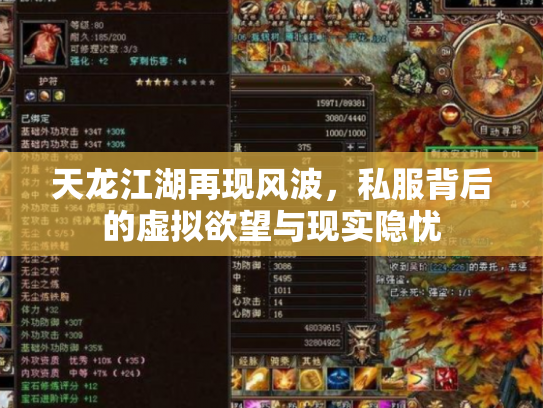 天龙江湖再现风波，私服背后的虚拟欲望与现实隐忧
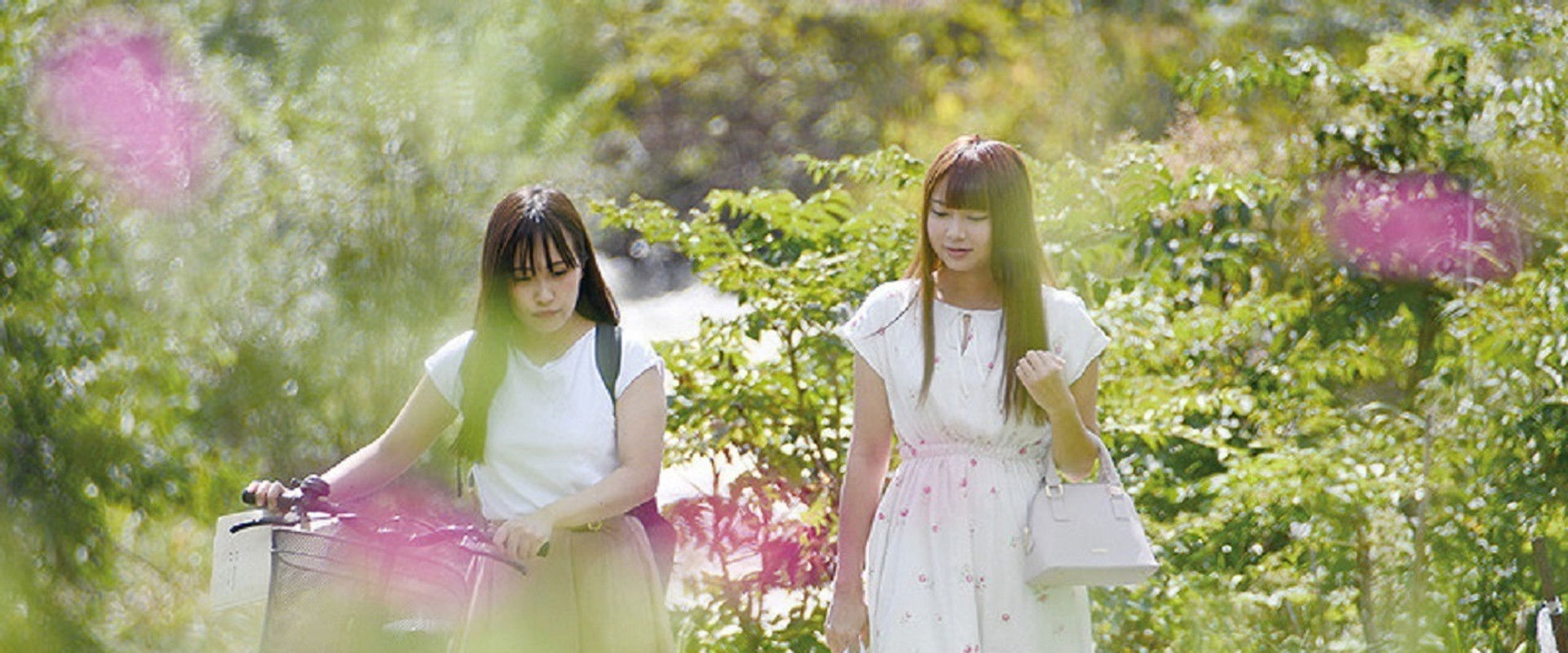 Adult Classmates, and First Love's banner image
+++
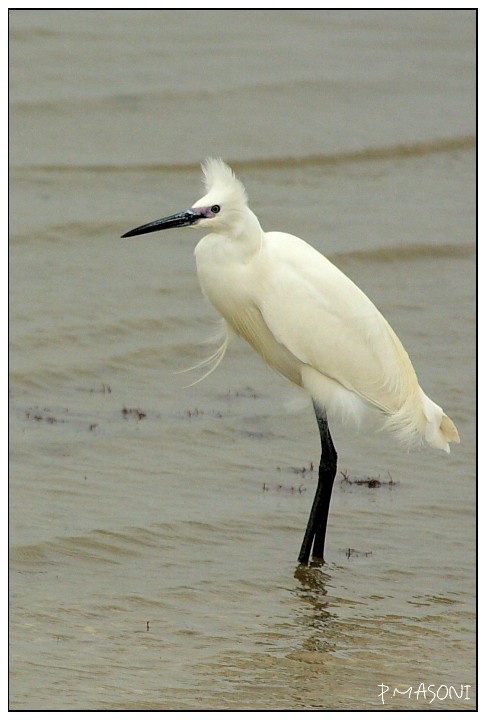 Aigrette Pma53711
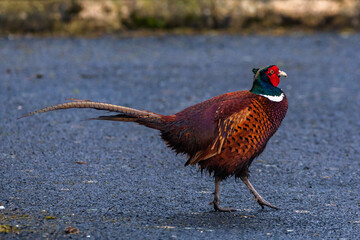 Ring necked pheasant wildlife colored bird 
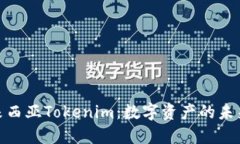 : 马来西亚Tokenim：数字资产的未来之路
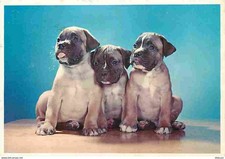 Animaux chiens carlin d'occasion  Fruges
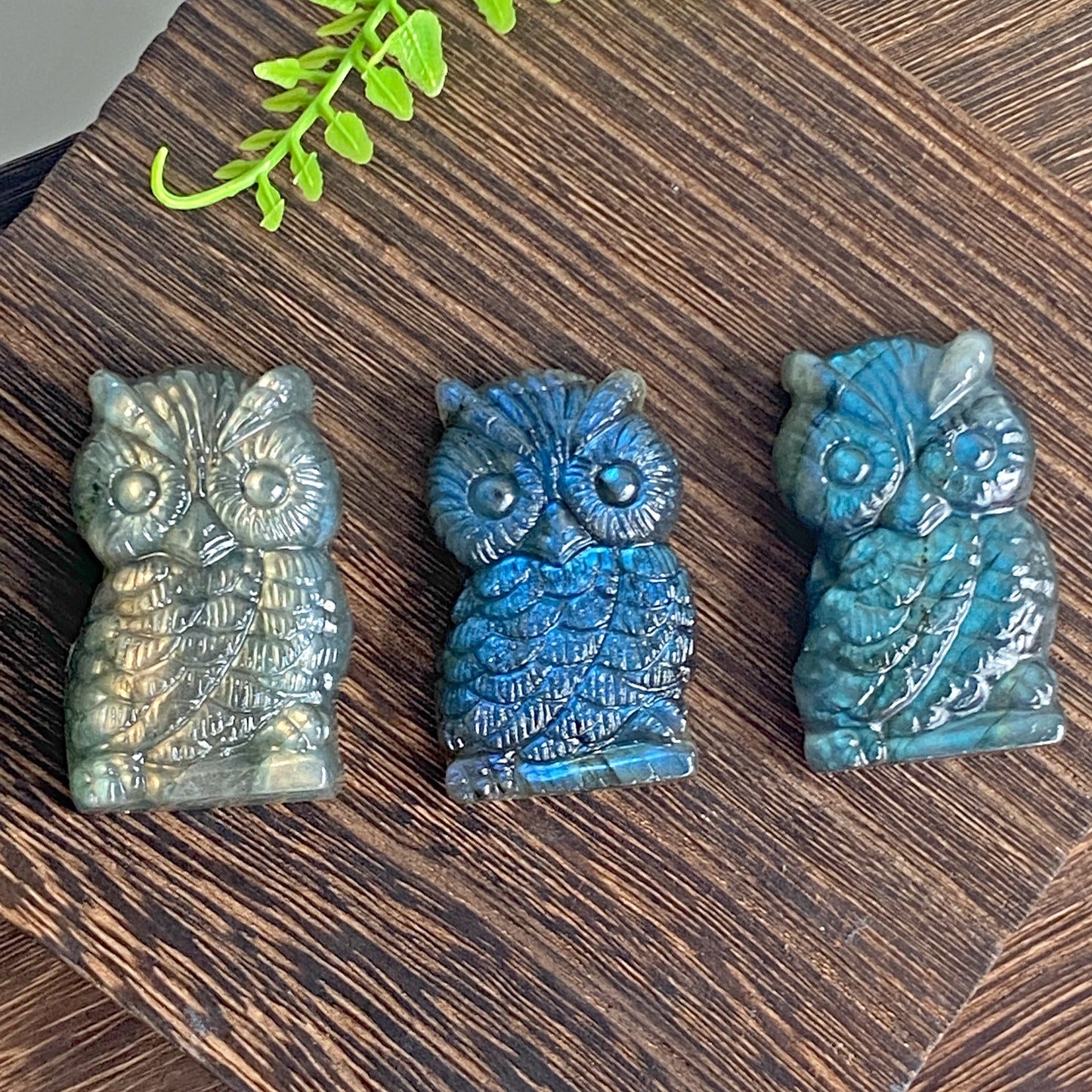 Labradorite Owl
+++
WHAT IS NEEDED: Using the entries above, transcribe every line from the line containing "天龙江湖再现风波，私服背后的虚拟欲望与现实隐忧" through the line containing "Adult Classmates, and". Do not copy pictures.

SOLUTION TO THIS TASK:
 天龙江湖再现风波，私服背后的虚拟欲望与现实隐忧
 Adult Classmates, and First Love's banner image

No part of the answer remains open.